Sometimes compared to Kristallnacht, the pogrom took place on the night of Sept. 6, 1955 in reaction to the bombing of the Turkish consulate in Thessaloniki where Mustafa Kemal Atatürk, the founder of the republic of Turkiye, was allegedly born. A Greek investigation concluded a Turkish usher named Oktay Engin planted the bomb, yet Turkish media remained quiet — implying the Greeks did the bombing.
The reaction was swift. In the nine hours of terror, the mob attacked thousands and raped hundreds of women on the streets of Constantinople. The riot destroyed and desecrated Greek businesses, churches, schools, homes even cemeteries. While the pogrom mainly targeted Greeks, Armenians and Jews also faced brutality. While an exact total is unknown, the death total ranges from 13 to 37 and the riot’s damage is estimated anywhere from $24 to $500 million dollars. “Their main main purpose was to eliminate the Greek population,” Mike noted.
Katsantonis was 12 years old and on vacation with his family on the Bosphorus strait Vafiochori (Boyacıköy) when the pogrom began. Earlier in the day, he saw “Cyprus is Turkish” written on the town fountain.

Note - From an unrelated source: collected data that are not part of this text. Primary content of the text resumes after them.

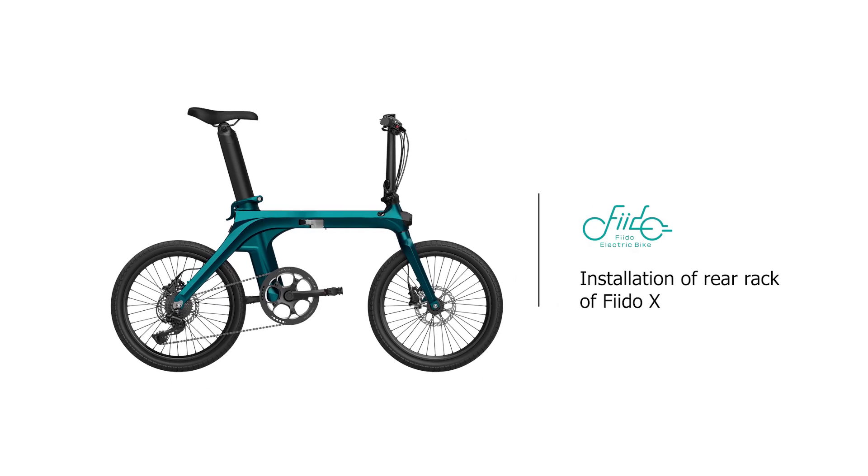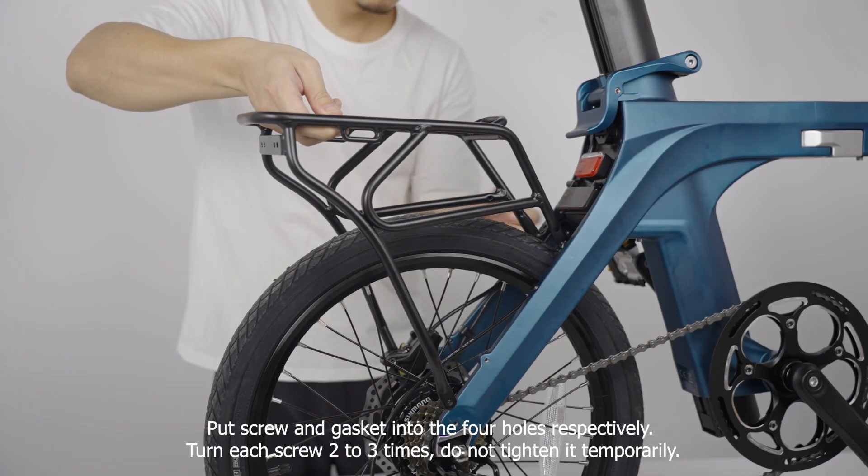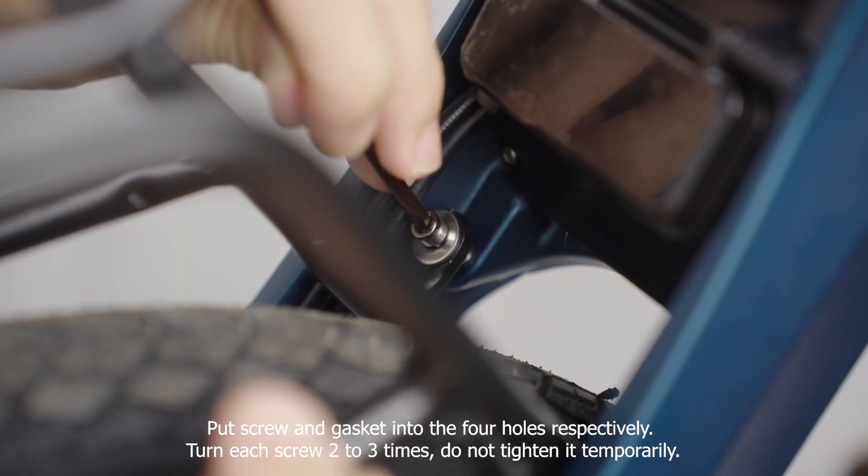Installation of Rear Rack of Fido X. Remove the rear rack and four screw gaskets. Put screw and gasket into the four holes respectively.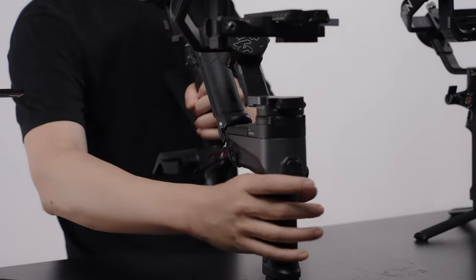If you're going for a cinema camera, the RS2 is the big boy. Of course, the RS3 Pro is the option, but I don't have that with me to compare. Obviously, as the saying goes, if you have the money, the RS3 Pro is probably the one for you.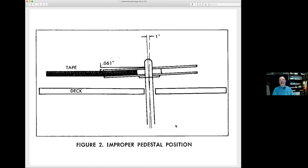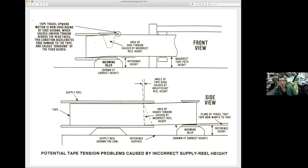One exaggerated example of what happens when the reel spindle is off by one degree — you get improper pedestal positioning. One of these drawings from REP magazine, a Greg Hanks article, shows with two-inch tape how much distortion you can get when things are off by a little bit. The accuracy of everything — where the tape is, how the tape is moved around, as well as in the head block — is important.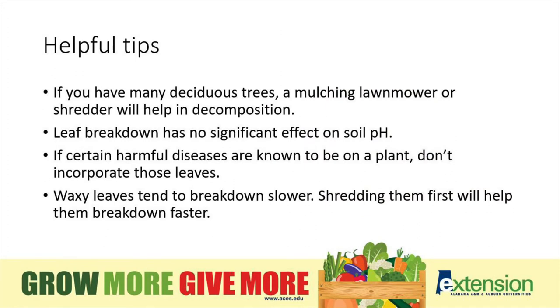Here are some helpful tips. If you have many deciduous trees, a mulching lawn mower or shredder will help with the leaves breaking down faster. Leaf breakdown has no significant effect on soil pH. If certain harmful diseases are known to be on a plant, don't incorporate those leaves. Also, waxy leaves like live oaks and magnolia leaves tend to break down slower — shredding them first will help them break down faster.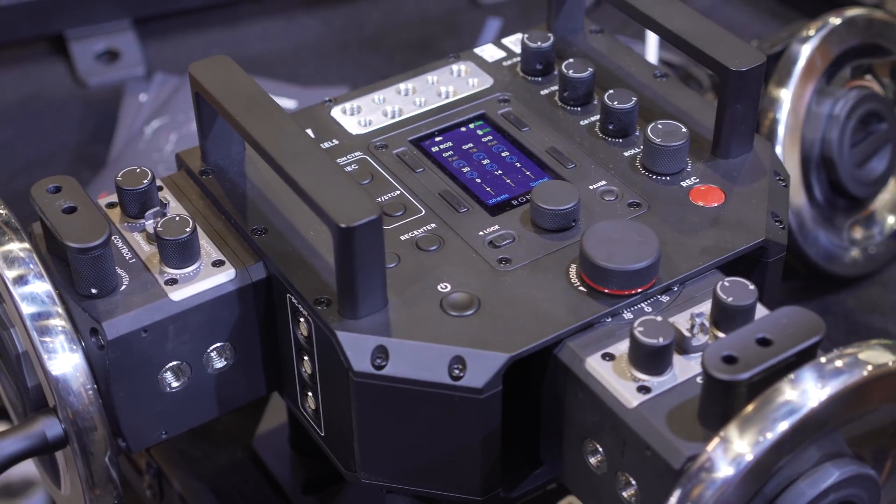We're here at the DJI booth. My name is Patrick, I'm the Professional Product Specialist here at NAB. I'm going to walk you through the Master Wheels and also our Force Pro. The idea behind the Master Wheels is taking an old classic — a gear head — and making it compatible with a remote gimbal system.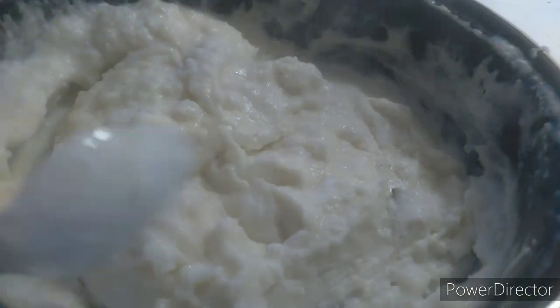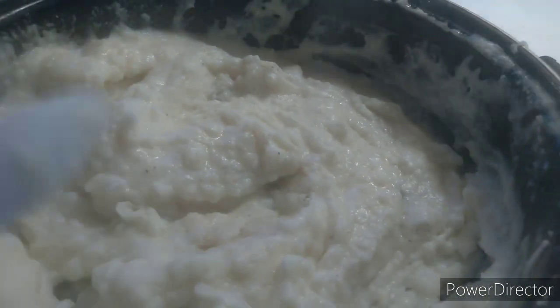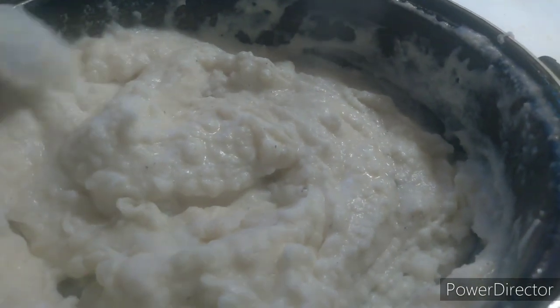This is creamy mashed potatoes guys, that's all you do to it. Taste how you want it.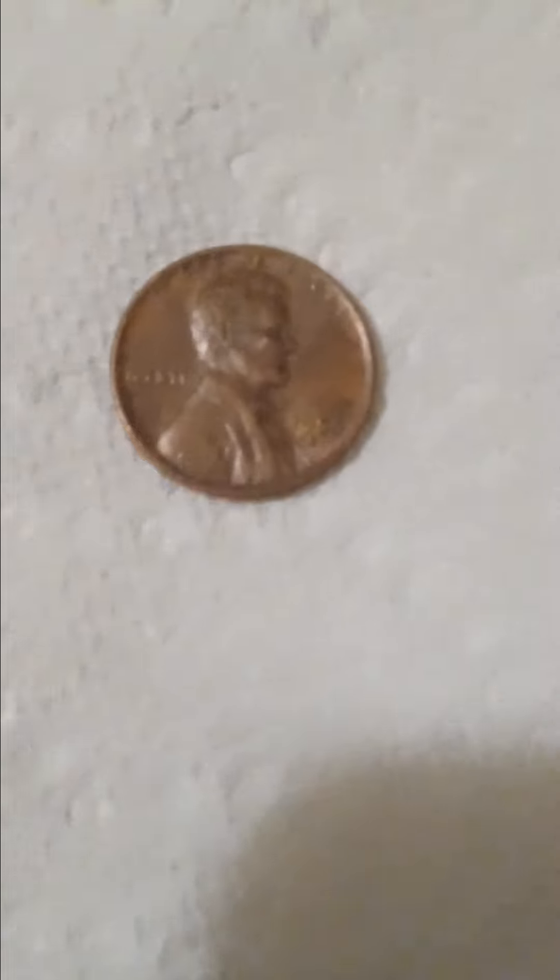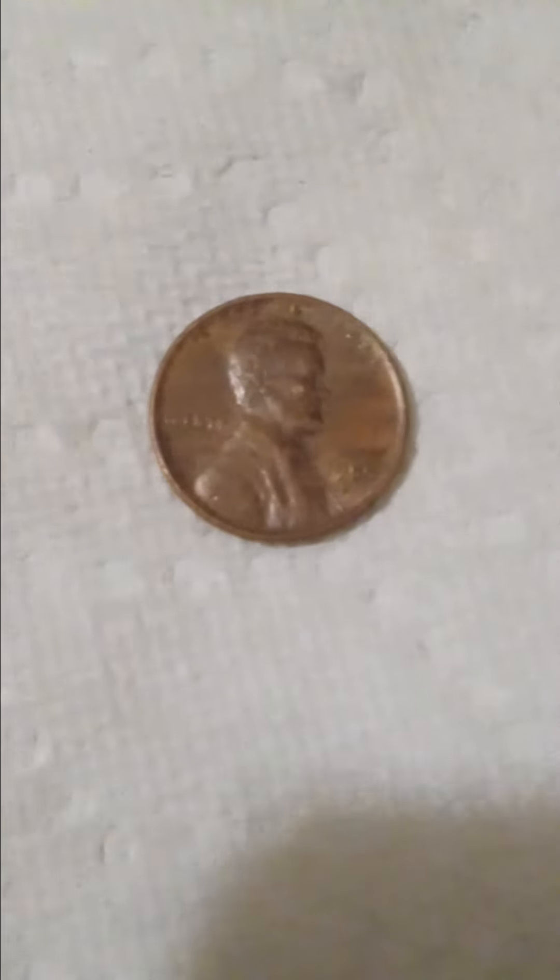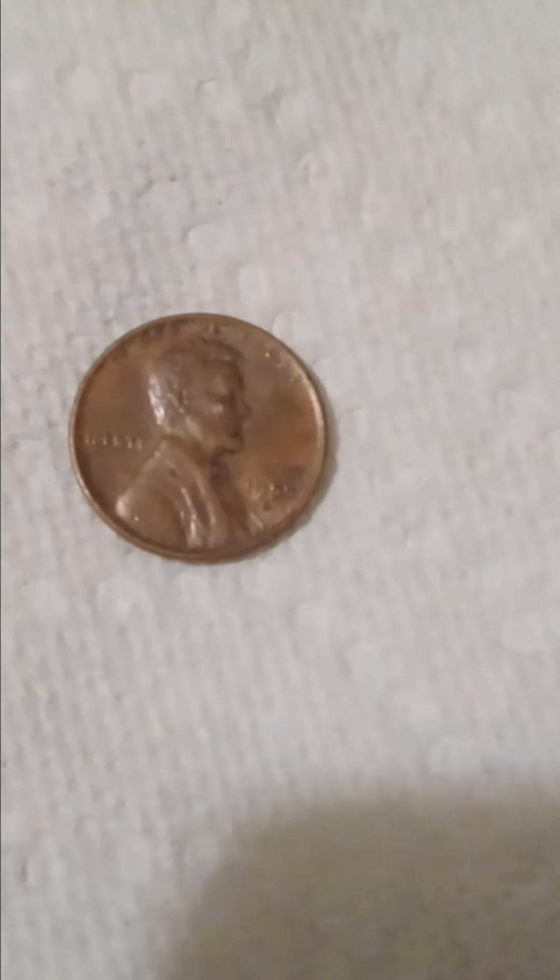So we're going to flip her over and see what year it is, in 3, 2, 1. And as you can see, it is a 1955D.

The Greek Cypriots’ struggle for enosis, or the union of Greece and Cyprus, fueled the growing distrust and hatred toward Greeks in Türkiye. Rhetoric from Prime Minister Adnan Menderes incited fears of a massacre of Turkish Cypriots by the Greek Cypriots. From the fall of Constantinople, the strained past of Greece and Türkiye with events such as the Greek genocide and the subsequent population exchanges roughened the relationship between the two nations. It was inevitable that an attack on the Greek minority of Türkiye would occur.
“This is a sequence of interconnected events. There was always discrimination. We had to be careful in order not to offend. This kind of behavior, this kind of fear, was existent throughout for as long as I know,” Katsantonis explained.
He made note of how his father’s Turkish boss behaved in the days leading up to the pogrom. The boss, fearing being targeted as the managers of his wholesale store were Greek and Armenian, took all the money from the store’s safe. “It was well organized. This pogrom was not something that occurred overnight. This was in planning for years,” he said.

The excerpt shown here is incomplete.